Auf dem Lehrplan stand heute: „I have got“ plus Verneinung und Fragestellung. Eine wirkliche Freude war es aber, die türkische Übersetzung an die Tafel zu kritzeln. Ich habe dabei gegrinst wie ein Honigkuchenpferd, glücklich, die türkische Form zu kennen. Das ist nämlich gar nicht so einfach. Schon mein Türkischbuch begrüßt mich mit den denkwürdigen Sätzen:
„Wir haben gute und schlechte Nachrichten für Sie. Die schlechte Nachricht sind alle damit verbunden, dass Türkisch einfach anders ist als westeuropäische Sprachen.“ Und mit anders treffen es die Autoren auch wirklich sehr gut. Immerhin finden sie eine versöhnliches Ende nach dieser Ankündigung: „Wenn sie sich erst einmal an die Tatsache gewöhnt haben, dass das Türkische anders funktioniert, ist es eine sehr regelmäßige und logische Sprache.“ Alles sehr richtig. Was das anders genau meint, ist schwer zu erklären, wenn man sich noch nie mit einer außereuropäischen Sprache beschäftigt hat. Der auffälligste Unterschied ist zum einen veränderte Satzstellung: Wenn ich das Gefühl habe, wie Meister Joda die Worte zu verdrehen, dann bin ich mit dem türkischen Sprachgefühl im Einklang. Der andere große Unterschied kommt in Form von Suffixen daher: Wo wir im Deutschen ein extra Wort einbauen, kleben die Türken einfach ein paar Buchstaben an das Wort ran. Fertig aus. Das muss man sich so vorstellen: Während das Englische „I have got…“ dem Deutschen „Ich habe…“ so verdächtig ähnlich sieht, dass man eine enge Verwandtschaft unterstellen könnte, funktioniert das ganze Haben und Nicht-haben im Türkischen nach einem ganz anderen Prinzip. Für das Verb „Haben“ gibt es keine genaue Übersetzung. Will man beispielsweise sagen „Ich habe eine Katze“, dann heißt „Benim kedim var“ (kedi = Katze), was so viel bedeutet wie „Meine Katze gibt es“. Anfangs habe ich das noch für banal einfach gehalten – bis ich dann auf das Phänomen der Vokalharmonie getroffen bin, über das ich mich hier nicht näher auslassen will. Lediglich so viel: Auch im türkischen wird dekliniert und jede Endung kann je nach Vokalharmonie bis zu vier verschieden Formen annehmen. Und wer jetzt vier mit sechs multipliziert, hat eine Ahnung, von meiner kleinen, alltäglichen Suffix-Hölle.

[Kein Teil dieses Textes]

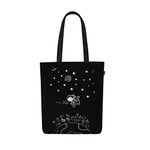 Eco Right Canvas Black Utility Tote Bags For Women With Zip, College Bag For Girls, 100% Organic Cotton Tote Bag For Shopping, Travel & Beach Bags For Women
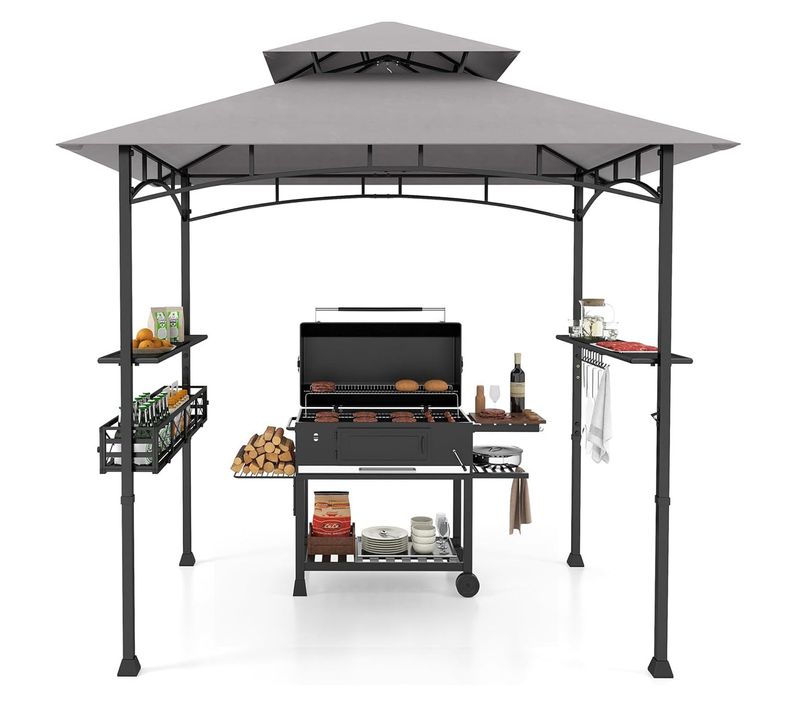 Tonnelle Barbecue Exterieur Auvent Abri Barbecue 2 Tablettes De Service Toit Ventilé Grand Panier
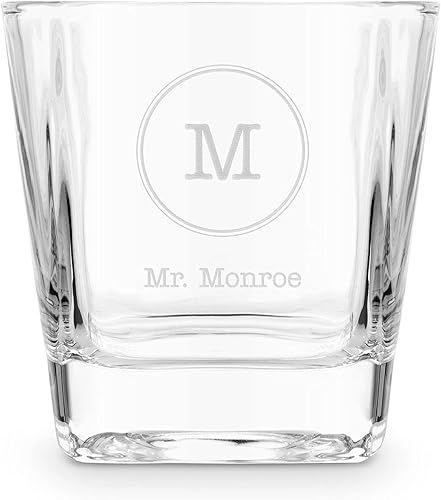 Miniatura 6 de WEDDINGSTAR Vaso de whisky cuadrado personalizado 8oz grabado personalizado - Monograma Sans Serif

In der Praxis kann das Buchstabenkleben zu bizarren Buchstabenansammlungen führen: „Avusturyalılaştırttıramadıklarımızdandır“ beispielsweise ist ein Wort, für wir im Deutschen immerhin einen Satz mit 15 Wörtern brauchen würden. Er heißt so viel wie: „Er/Sie/Es gehört zu denjenigen, für die wir niemanden finden konnten, der/die sie 'österreichisieren' lassen konnte.“ Solche Wortgerüste machen wirklich große Freude, wenn man versucht, Türkisch als Fremdsprache zu lernen. Dünger für meine Motivation, wirklich.

Ein kurzer Nachtrag noch, über den Jungen vom Imbiss gegenüber. Ich habe Burak gefragt, ob er wüsste, ob der Junge zur Schule geht – oder nicht. Er meinte schon ja, aber die viele Arbeit im Imbiss fordern ihren Tribut: Er hat ausschließlich schlechte Noten.